TASK GOAL:
Omit the pictures and extract only the lines from the line containing "Ninawong_ Chaturbate stream" to the end of the material, each exactly as written.

MATERIAL FOR THE TASK:
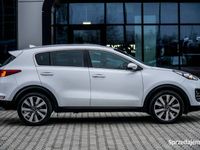 używany Kia Sportage 1,7 diesel Kamerka Nawigacja Stan idealny Niski przebieg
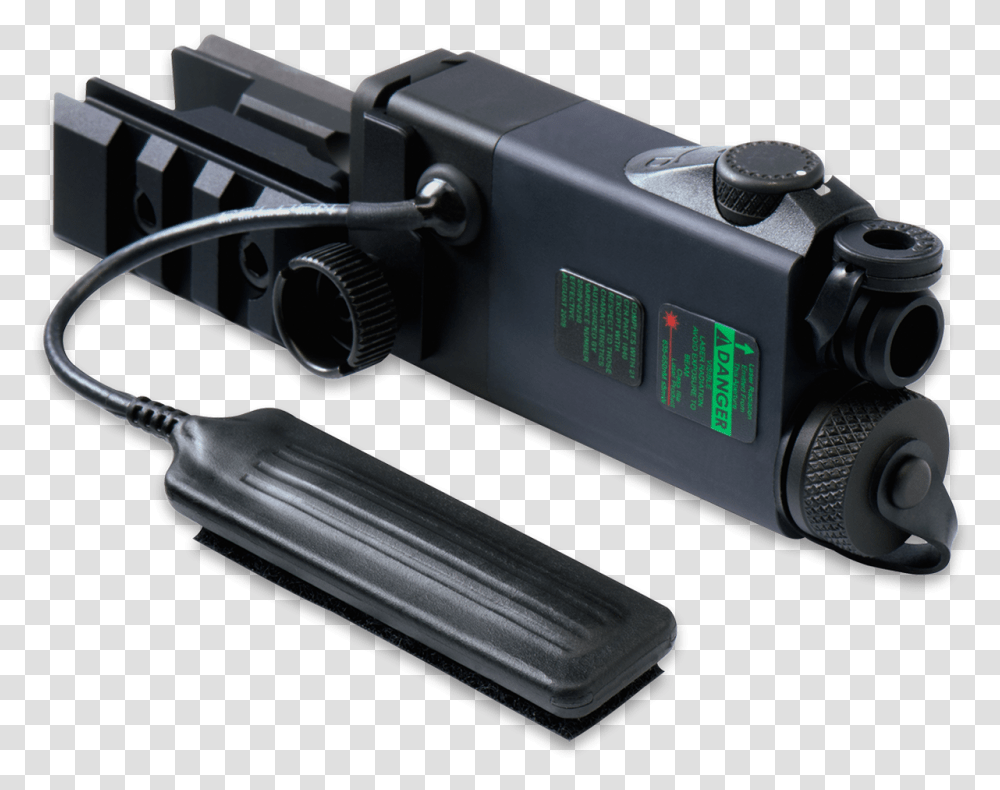 Laser Milspec, Camera, Electronics, Video Camera, Gun Transparent Png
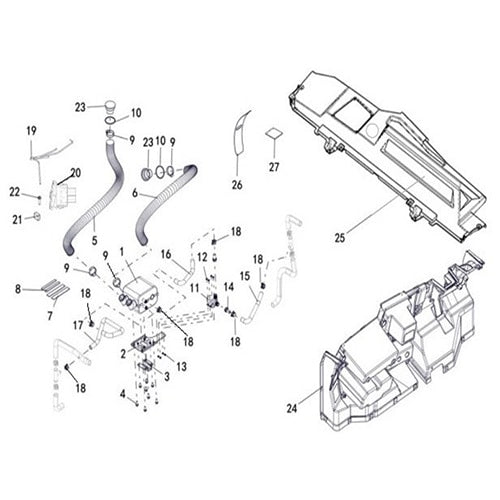 SENTINEL 570 OPTIONS HAEATER SYSTEM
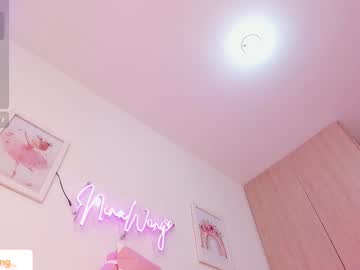 Ninawong_ Chaturbate stream image from September 29, 2025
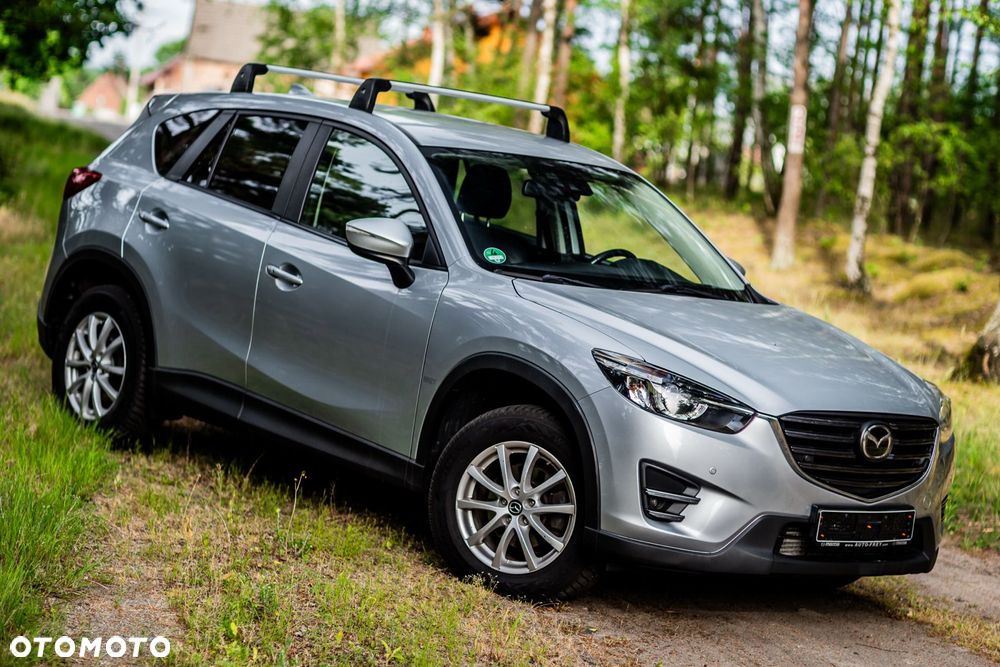 Mazda CX-5 SKYACTIV-D 175 AWD Sports-Line - 8
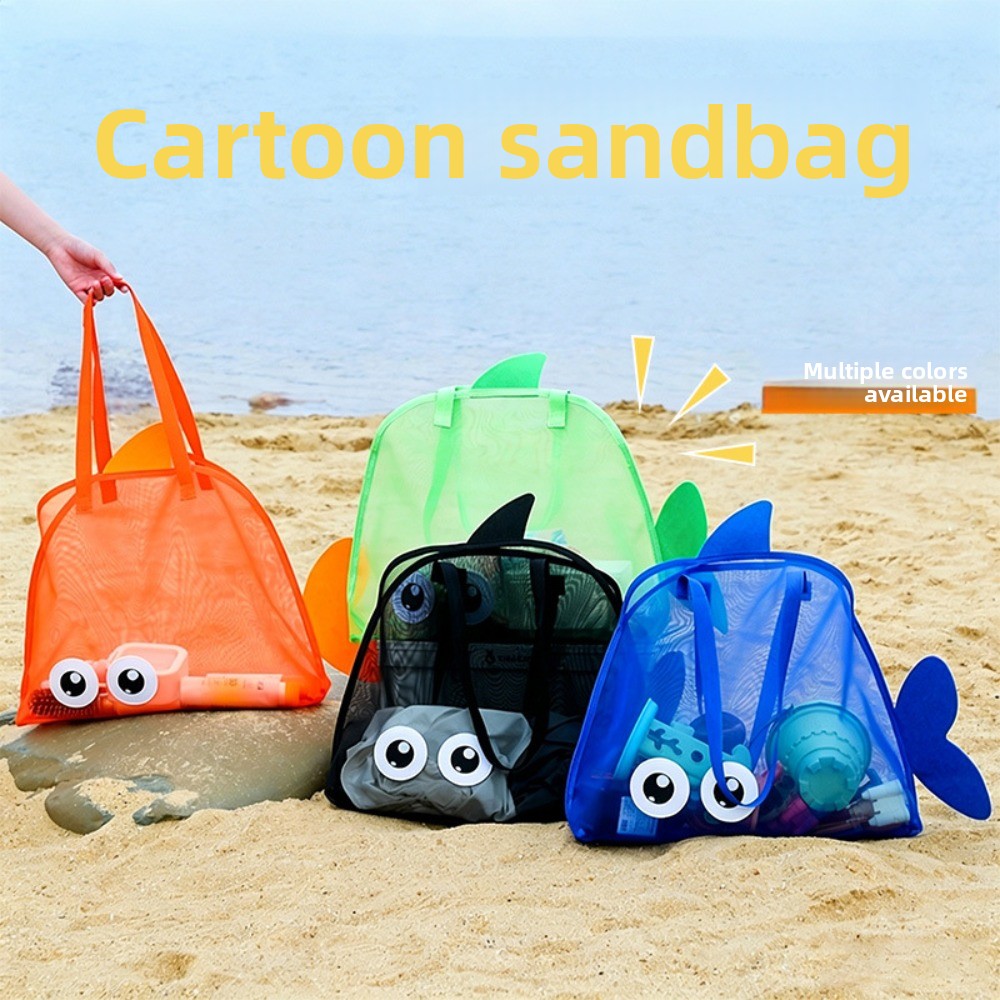 Kids Mesh Beach Bags Colorful  - đánh giá và giá Kids' Toy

SOLVED PROBLEM:
 Ninawong_ Chaturbate stream image from September 29, 2025
 Mazda CX-5 SKYACTIV-D 175 AWD Sports-Line - 8
 Kids Mesh Beach Bags Colorful  - đánh giá và giá Kids' Toy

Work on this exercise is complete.